Und Kickl attackiert in bewährter rechtsradikaler Manie ununterbrochen das »System«. Es besteht für ihn aus »Systemparteien«, einer »Systempresse«, »Systempolitikern« und einem »Systemkanzler«, was allesamt wegmüsse. Es geht nicht darum, Reformen oder eine bessere Politik zu machen, sondern um nicht weniger als einen Staats- und Demokratieumbau.

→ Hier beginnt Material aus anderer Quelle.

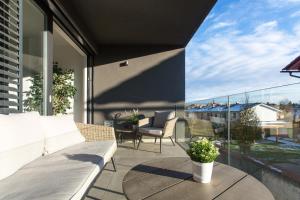 a patio with a couch and chairs on a balcony at Apartments Villa Popp in Ljubljana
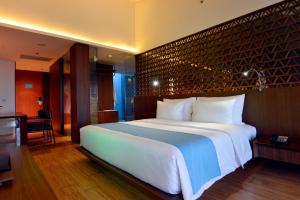 Postel nebo postele na pokoji v ubytování IZE Seminyak by LifestyleRetreats
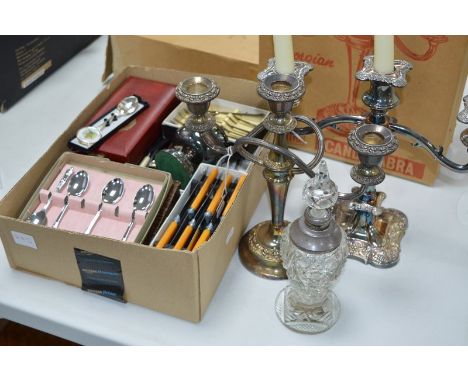 A QUANTITY OF PLATED WARE, to include two boxed candelabras, various flatware and a silver topped scent bottle
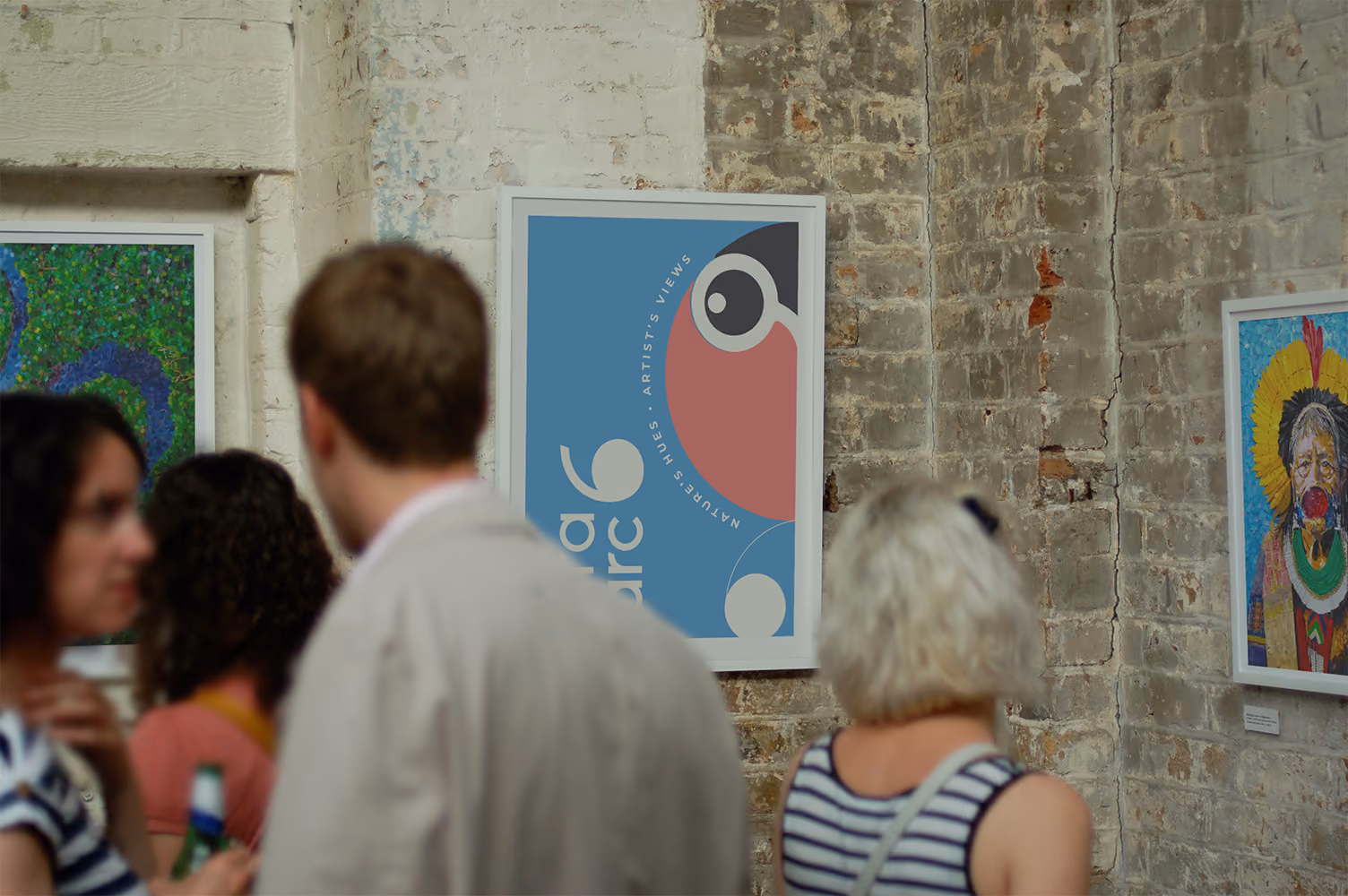 Visitors in a gallery with an AraArc 6 macaw poster on the wall.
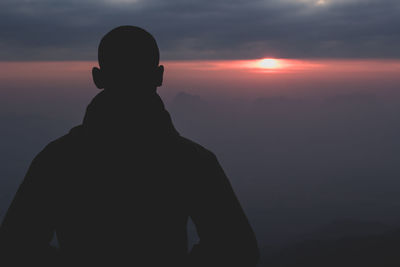 Silhouette man standing on mountain against sky during sunset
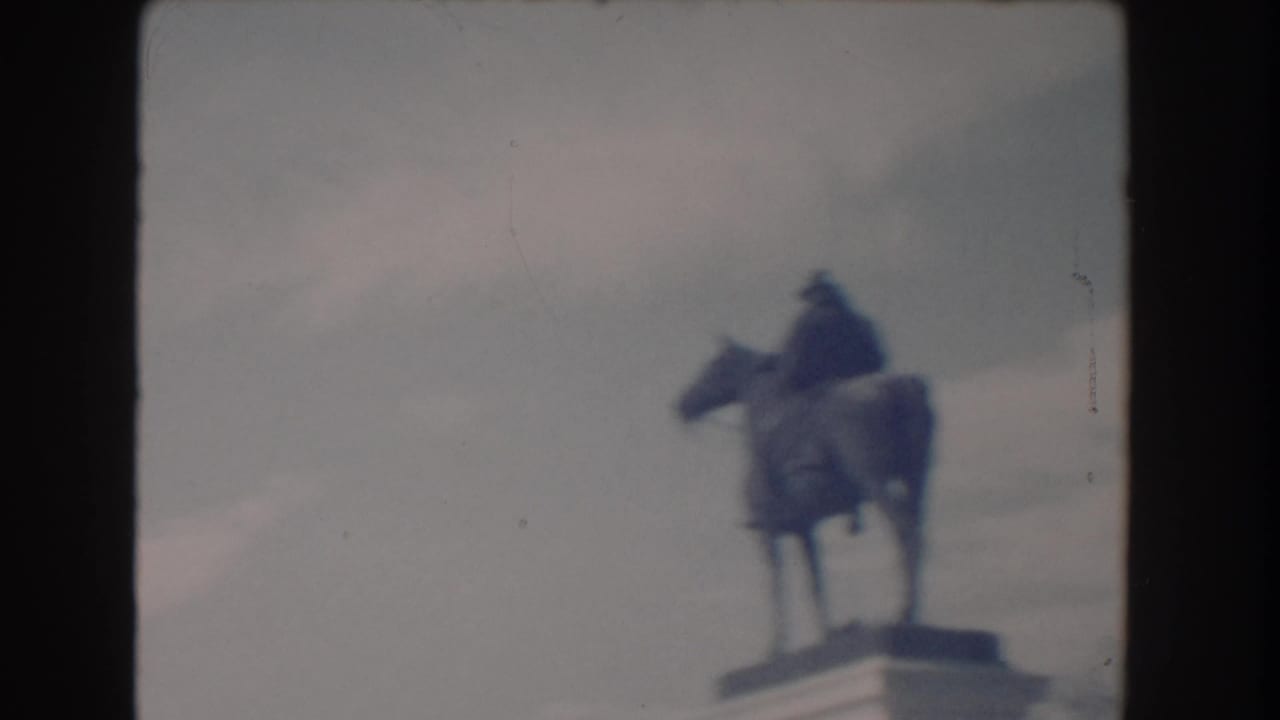 Distant equestrian statue on a pedestal, framed against an overcast sky.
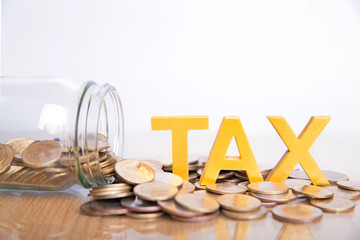 TAX Concept.Word tax put on coins and glass bottles with coins inside on white background.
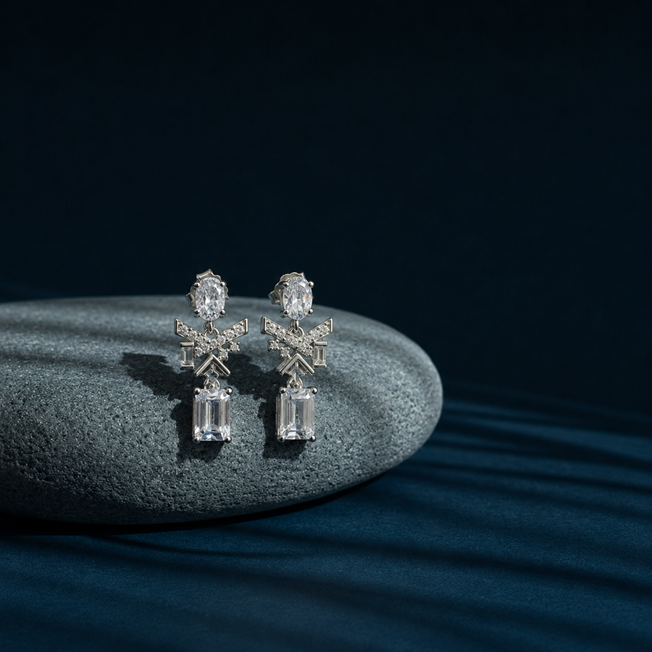 Silver Oval Baguette CZ Emerald Cut Drop Earrings displayed on a stone prop, showing oval, baguette and emerald-cut CZ details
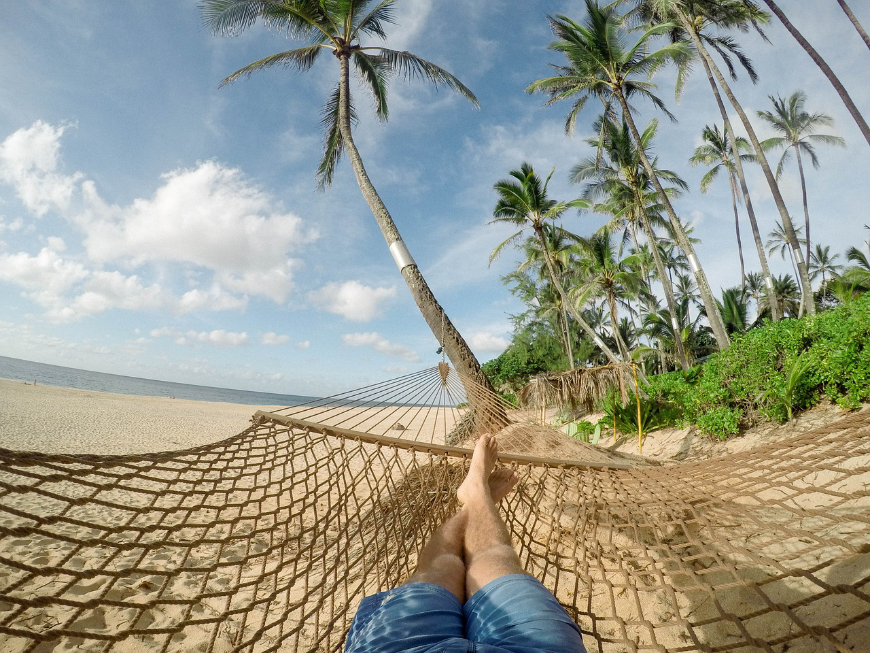 Napping during your holiday is optional, but highly recommended ;-) Diving In Belize Image: Point of view, a man's legs are extended in the hammock he lay in.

Was das konkret bedeutet, ist im Wahlprogramm der FPÖ nachzulesen und wurde in diversen Reden und Interviews Kickls deutlich gesagt:

  • Es sollen »Notgesetze« möglich werden, mit denen man zum Beispiel das Menschenrecht auf Asyl abschafft.
  • Zuwanderern soll die österreichische Staatsbürgerschaft wieder entzogen werden, wenn sie »nachhaltig Integrationsverweigerung« betreiben.
  • Es soll verpflichtend eine Volksabstimmung geben, wenn ein Volksbegehren 250.000 Unterschriften bekommt; diese Volksabstimmungen könnten alles Mögliche entscheiden, zum Beispiel ob »das Volk« eine »unfähige« Regierung absetzen kann.
  • Der erste Artikel der Bundesverfassung soll so verändert werden, dass Österreich eine »wehrhafte, souveräne« Republik ist, was »uns vor den Übergriffen der EU, der WHO, des Weltklimarates schützt« – also ein De-facto-Austritt aus der EU.
  • Für Lehrer*innen, die nicht im Sinne der FPÖ unterrichten, soll es eine »Meldestelle gegen politisierende Lehrer« geben; eine »Ombudsstelle« für Fehler der öffentlichen Rundfunk- und Fernsehsender ORF gibt es schon; Freimaurer sollen namentlich aufgelistet werden.
  • Es soll eine »neue Förderstruktur« für Medien geschaffen werden, an der sämtliche Medien »unabhängig von ideologischen Festlegungen« (auch ultrarechte) teilhaben sollen. Der »überschießende Verhetzungsparagraf«, mit dem »rechte Politik und Meinungen kriminalisiert« würden, soll abgeschafft werden.
  • Schließlich soll Österreich von einem »freiheitlichen Volkskanzler aus dem Volk und für das Volk« regiert werden, dessen Wahlmodus und Befugnisse unklar gelassen werden.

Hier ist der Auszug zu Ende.